- **BRIEF**
Give back the whole listing verbatim, printing none of its pictures.

- **SOURCE RECORDS**
--- START ---

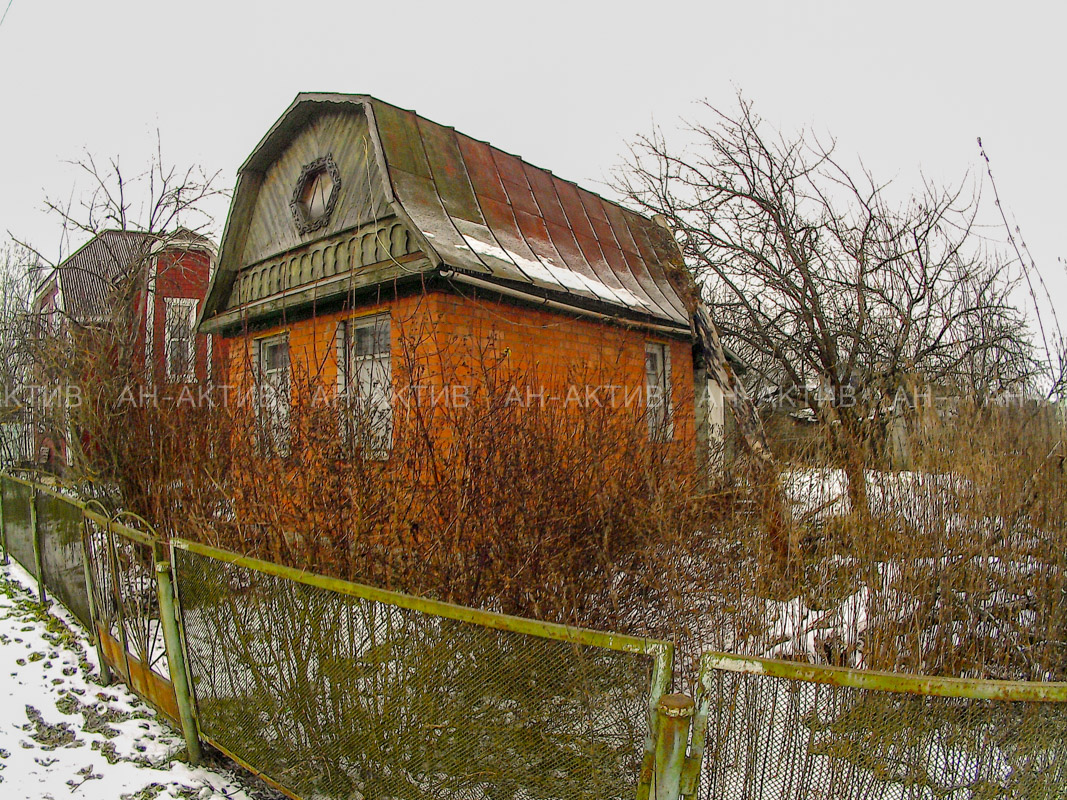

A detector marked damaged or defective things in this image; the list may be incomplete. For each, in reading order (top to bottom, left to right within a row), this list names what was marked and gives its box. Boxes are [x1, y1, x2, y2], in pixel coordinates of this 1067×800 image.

rusty metal sheet [390, 168, 488, 275]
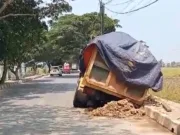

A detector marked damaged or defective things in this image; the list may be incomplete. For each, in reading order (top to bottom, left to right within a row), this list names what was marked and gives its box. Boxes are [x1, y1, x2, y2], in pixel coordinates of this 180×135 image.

overturned truck [72, 31, 162, 107]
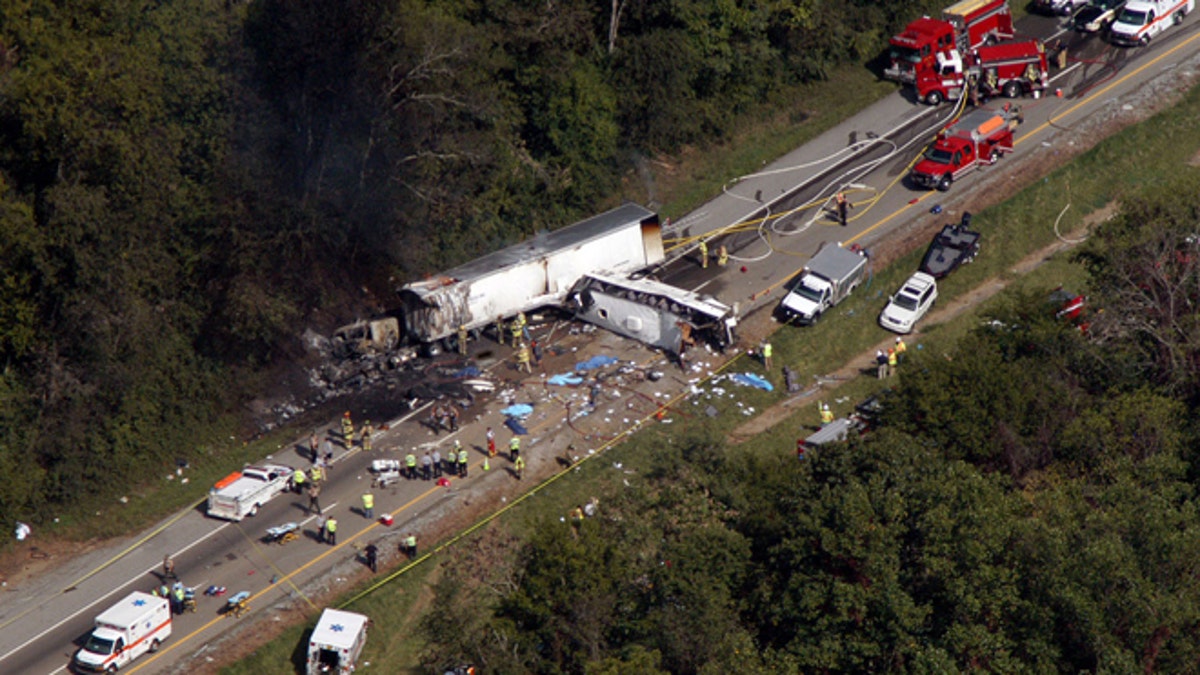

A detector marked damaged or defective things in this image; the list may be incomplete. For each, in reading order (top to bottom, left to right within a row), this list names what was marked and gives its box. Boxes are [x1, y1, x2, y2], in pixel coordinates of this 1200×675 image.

black overturned car [921, 213, 979, 279]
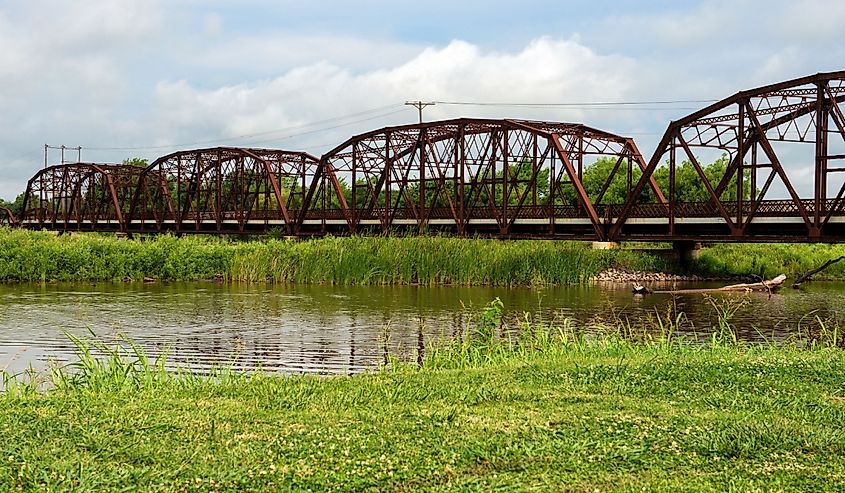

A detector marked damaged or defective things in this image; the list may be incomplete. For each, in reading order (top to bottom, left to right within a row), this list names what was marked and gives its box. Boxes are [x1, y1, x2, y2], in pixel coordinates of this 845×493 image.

rusty steel truss bridge [6, 70, 844, 243]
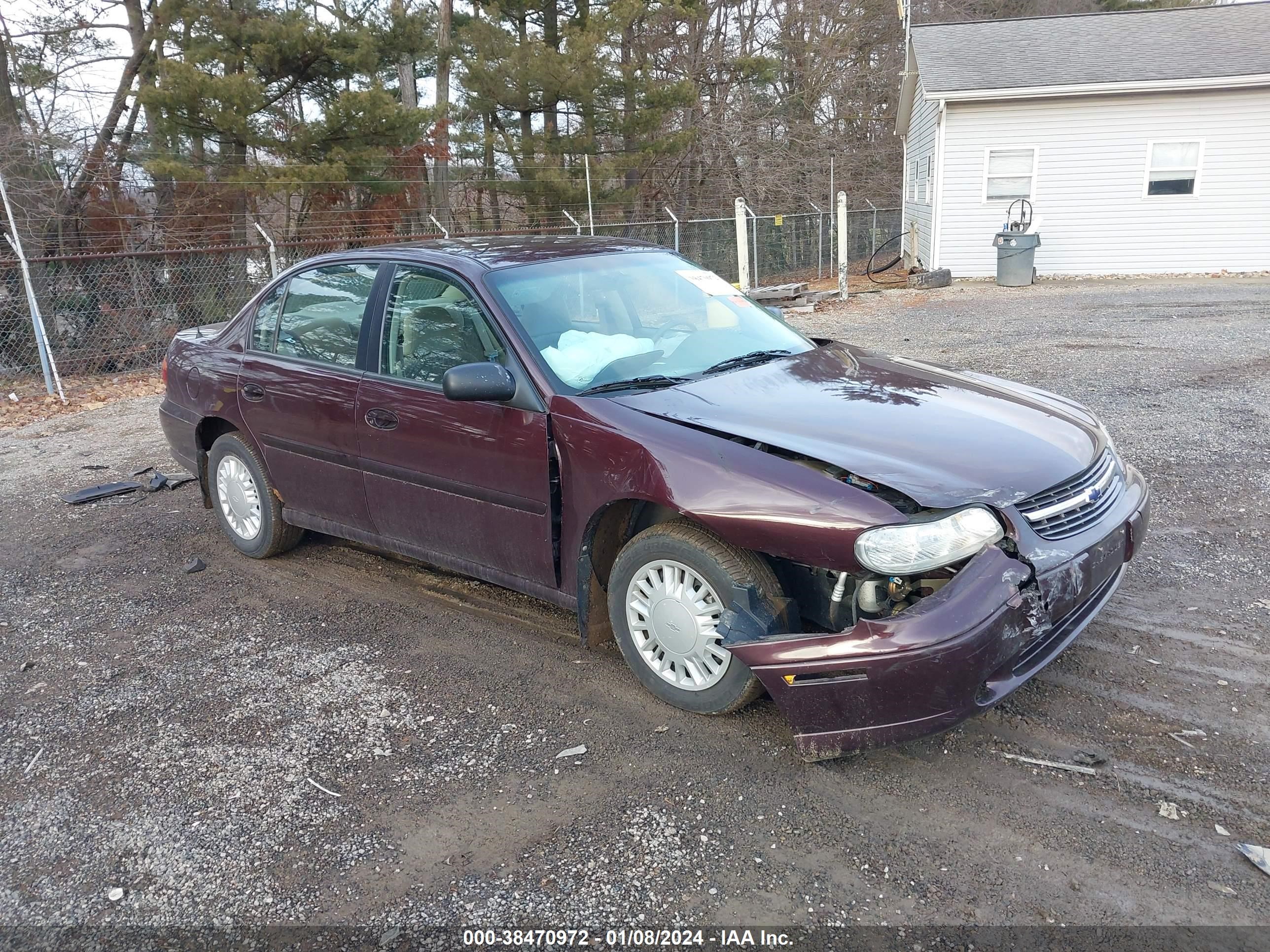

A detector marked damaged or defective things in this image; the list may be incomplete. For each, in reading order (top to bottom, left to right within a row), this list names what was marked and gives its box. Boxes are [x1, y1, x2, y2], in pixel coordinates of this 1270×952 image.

damaged chevrolet malibu [162, 238, 1152, 761]
cracked headlight [860, 509, 1006, 576]
crushed front bumper [726, 465, 1152, 765]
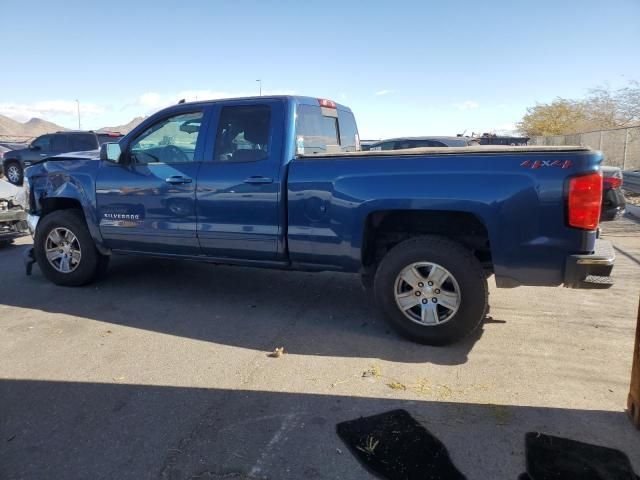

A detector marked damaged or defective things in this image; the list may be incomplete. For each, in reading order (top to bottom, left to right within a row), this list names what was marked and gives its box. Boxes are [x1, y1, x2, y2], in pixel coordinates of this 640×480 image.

damaged white car [0, 179, 29, 248]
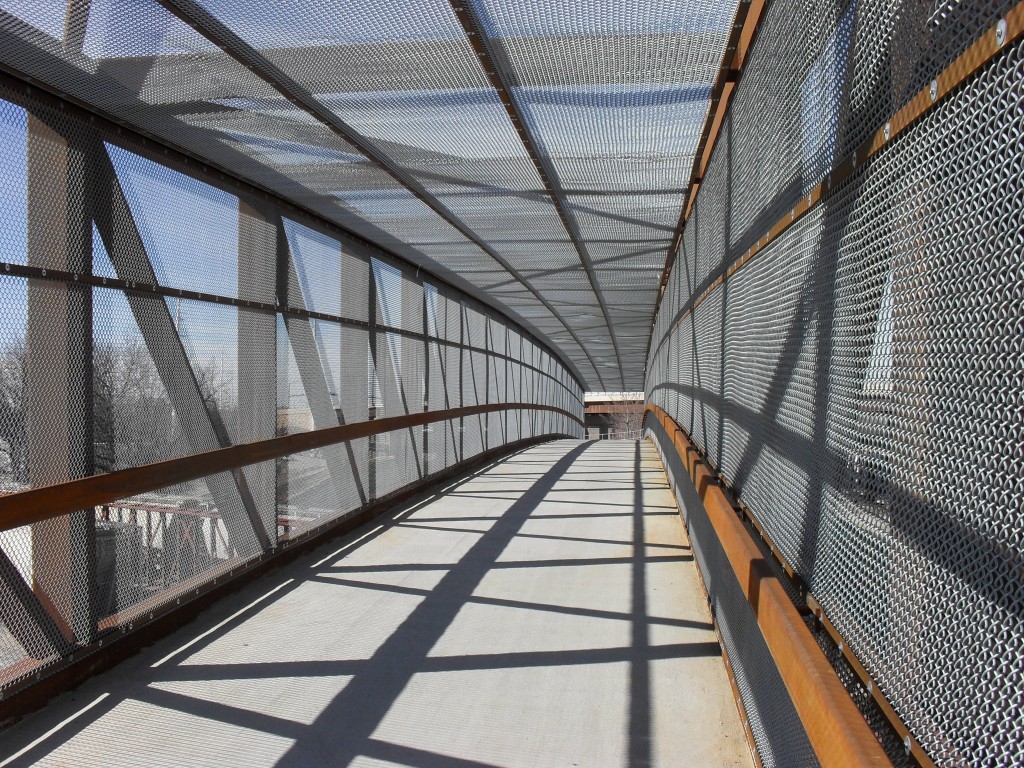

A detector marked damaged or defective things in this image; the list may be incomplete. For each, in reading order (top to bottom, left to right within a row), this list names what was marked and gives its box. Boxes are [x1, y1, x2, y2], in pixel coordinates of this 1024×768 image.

rusty handrail [0, 402, 576, 536]
rusty handrail [644, 404, 892, 764]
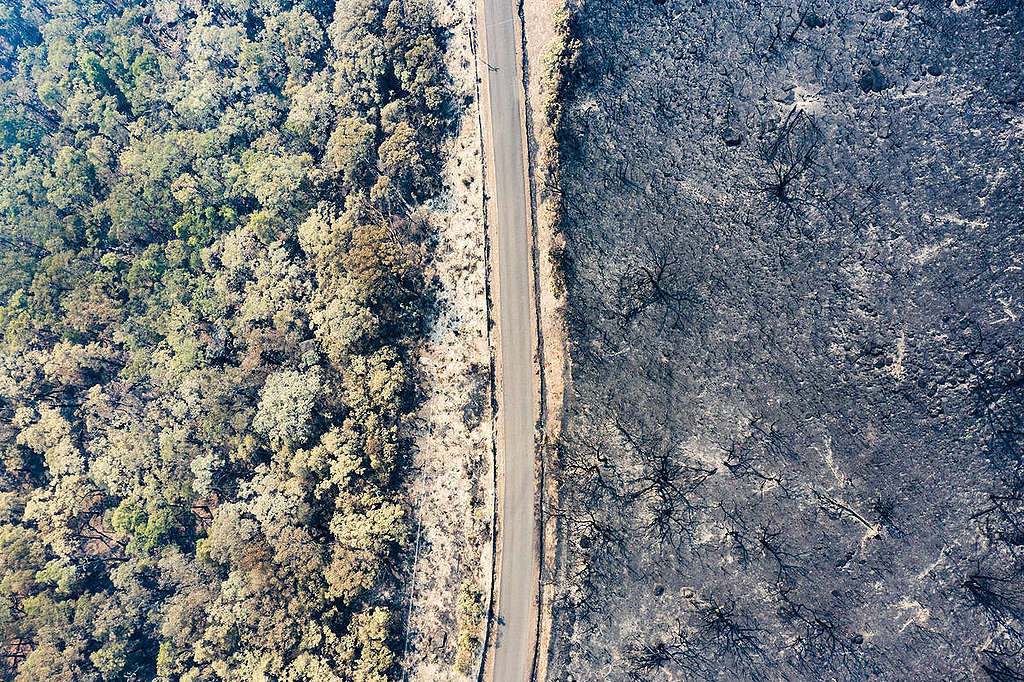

--- END ---

- **YOUR RESPONSE**
A detector marked damaged or defective things in this image; the list may be incomplete. For each, in reading order (top to bottom, left to right within a row), this list names what was marked and gives its box. Boxes are [x1, y1, x2, y2], in pixel coordinates of this 1067×800 image.

rusty metal sheet [390, 168, 488, 275]

A detector marked damaged or defective things in this image; the list may be incomplete. For each, in reading order (top to bottom, left to right within a row), this list names what was marked and gives its box. Boxes are [x1, y1, x2, y2], in pixel coordinates of this 180×135 image.

overturned truck [72, 31, 162, 107]

A detector marked damaged or defective things in this image; the list may be incomplete. For each, in reading order (top to bottom, left to right within a row), this list names what was marked and gives its box. Boxes are [x1, y1, x2, y2], in pixel coordinates of this 1200×675 image.

black overturned car [921, 213, 979, 279]

A detector marked damaged or defective things in this image; the list may be incomplete. For each, in reading order (top to bottom, left to right within a row), this list names what was marked and gives its box. Boxes are [x1, y1, x2, y2], in pixel coordinates of this 845×493 image.

rusty steel truss bridge [6, 70, 844, 243]

A detector marked damaged or defective things in this image; the list may be incomplete. For each, in reading order (top to bottom, left to right within a row), this list names what was marked and gives its box. Boxes are [x1, y1, x2, y2], in pixel coordinates of this 1270×952 image.

damaged chevrolet malibu [162, 238, 1152, 761]
cracked headlight [860, 509, 1006, 576]
crushed front bumper [726, 465, 1152, 765]

A detector marked damaged or defective things in this image; the list may be incomplete. For each, in reading order (top to bottom, left to right within a row), this list names what was marked and gives its box. Boxes are [x1, y1, x2, y2], in pixel coordinates of this 640×480 image.

damaged white car [0, 179, 29, 248]

A detector marked damaged or defective things in this image; the list may be incomplete. For each, in reading order (top to bottom, left to right within a row), this list names what was marked and gives its box. Boxes are [x1, y1, x2, y2], in pixel coordinates of this 1024×768 image.

rusty handrail [0, 402, 576, 536]
rusty handrail [644, 404, 892, 764]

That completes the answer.